The federal stimulus money was supposed to give Minnesota's workforce a jolt of energy, but so far it's just a tingle.

As construction season gets into full swing, companies are starting to recall workers laid off last year. But even some companies that are beneficiaries of the new federal spending say they're unlikely to recall all their laid-off workers -- and less likely to hire new ones.

Minnesota got about $3 billion in stimulus money under the American Recovery and Reinvestment Act of 2009, including $502 million for road construction and $107 million for municipal drinking water or waste treatment facilities. All that spending must be in the works within a year.

"We've picked up two road construction projects funded by the stimulus money, on Hwy. 169 in Onamia and St. Peter," said Brad Mattson, corporate secretary of Shafer Contracting in Shafer, Minn. "We hope this gets us through 2009, because the economic forecasts for 2010 are more promising."

But Shafer Contracting probably won't need more than 40 or 50 additional workers for the stimulus-funded highway projects, and those would be drawn from a pool of 100 workers the firm employed last year but hasn't needed in 2009.

That contrasts with favorable forecasts about how the stimulus should work.

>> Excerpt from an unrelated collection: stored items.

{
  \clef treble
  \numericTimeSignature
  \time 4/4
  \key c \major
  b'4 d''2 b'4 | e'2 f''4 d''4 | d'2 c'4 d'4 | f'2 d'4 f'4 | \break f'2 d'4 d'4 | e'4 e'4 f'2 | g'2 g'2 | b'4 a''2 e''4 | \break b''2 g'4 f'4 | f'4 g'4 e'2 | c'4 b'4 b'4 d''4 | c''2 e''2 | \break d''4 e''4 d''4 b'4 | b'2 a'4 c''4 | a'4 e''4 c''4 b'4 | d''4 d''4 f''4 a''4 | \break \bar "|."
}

The Minnesota Department of Transportation has $375 million to spend on state highways and bridges (the rest of the highway money is shared with counties and cities), and for every $1 million spent on road or bridge construction, 28 to 34 jobs should be created, said Tim Worke, highway division director for Associated General Contractors of Minnesota, a trade association based in St. Paul.

"But the road construction market has been depressed for a long time, and most companies have laid-off workers they would be calling back to work," Worke said. "It wouldn't be until after the established crews are back that they'd look at hiring any new seasonal employees."

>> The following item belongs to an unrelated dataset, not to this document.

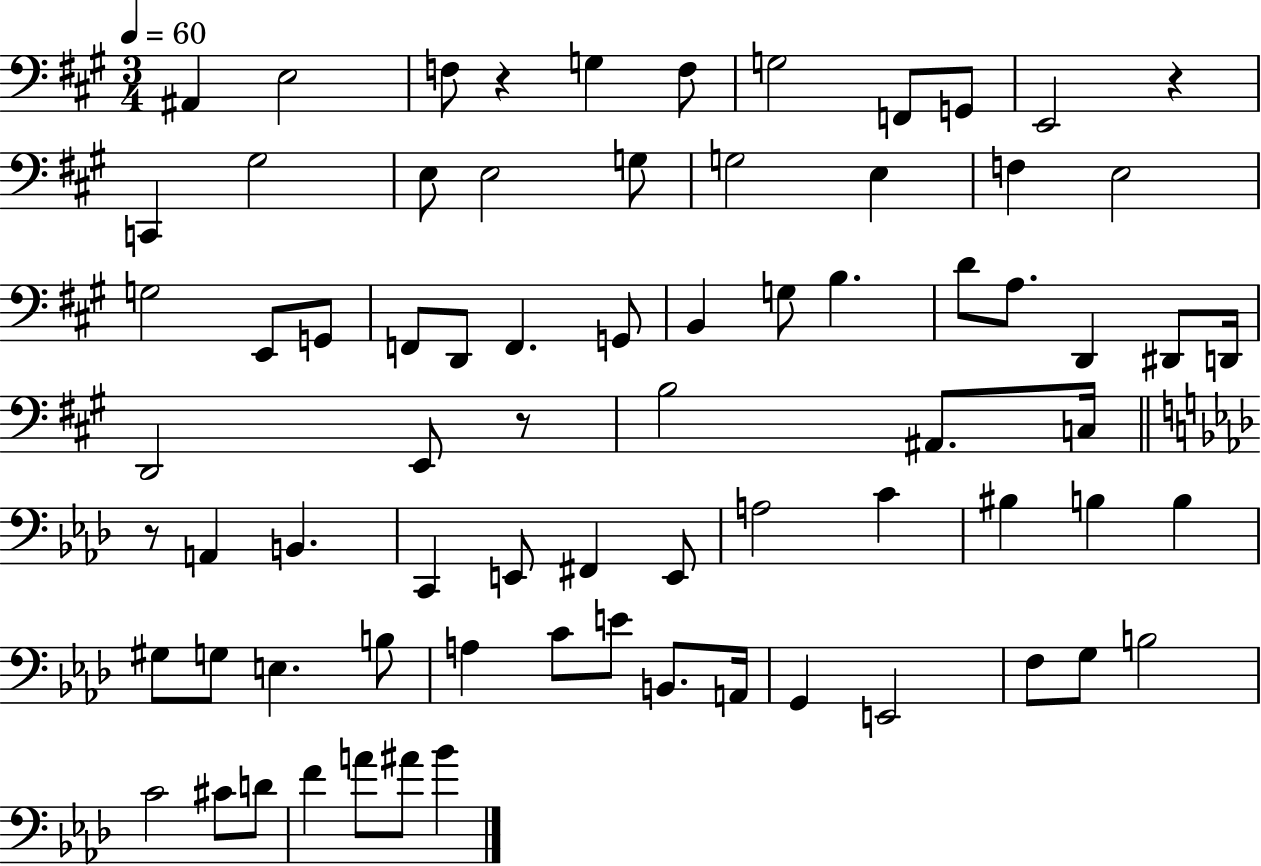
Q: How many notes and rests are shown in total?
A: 74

It's a similar story at Rice Lake Construction in Deerwood, Minn., which says it won't hire new workers to renovate a Montevideo, Minn., wastewater treatment facility that is entirely backed by about $15 million worth of federal stimulus loans and grants.

Because the Montevideo project -- the largest of the four state freshwater and wastewater projects to get stimulus money so far -- was already in the planning stages using traditional city financing, Rice Lake Construction won't need any more workers just because the financing was switched to federal stimulus money.

"The stimulus is stemming the loss of jobs, putting a floor under it to some extent. But it's not really picking us up," said Luke Spalj, Rice Lake Construction's chairman.

Part of the problem is that only 10 to 20 percent of the Montevideo project's cost goes toward labor, he said. The other 80 to 90 percent goes to purchase heavy equipment. That means if new jobs are created by the stimulus-backed wastewater project, they are more likely to be at the non-Minnesota company that manufactures the heavy equipment than at his Minnesota-based construction firm.

Because Rice Lake Construction has about 40 percent fewer workers than it did last year, if additional employees are needed, "all we could do is call back people who were laid off," Spalj said.

But the hiring story looks better for some other companies, such as Ulteig Engineers, a North Dakota company with a large Twin Cities office that is hiring a modest number of new workers.

Ulteig does a lot of site preparation and design work for wind-generated electric power projects. Because the stimulus includes renewable energy credits, it has created enough confidence among customers to prevent wind power projects from being canceled, said Brian Long, the firm's chief development officer, who is based in Fridley. As a result, 420-employee Ulteig has hired about 50 employees this year. Ulteig has about 120 Twin Cities employees working on wind generator, city road and public utility projects.

"Some of these energy projects are being tided over by the stimulus," Long said. "We're adding people because we anticipate getting more business after the stimulus is over."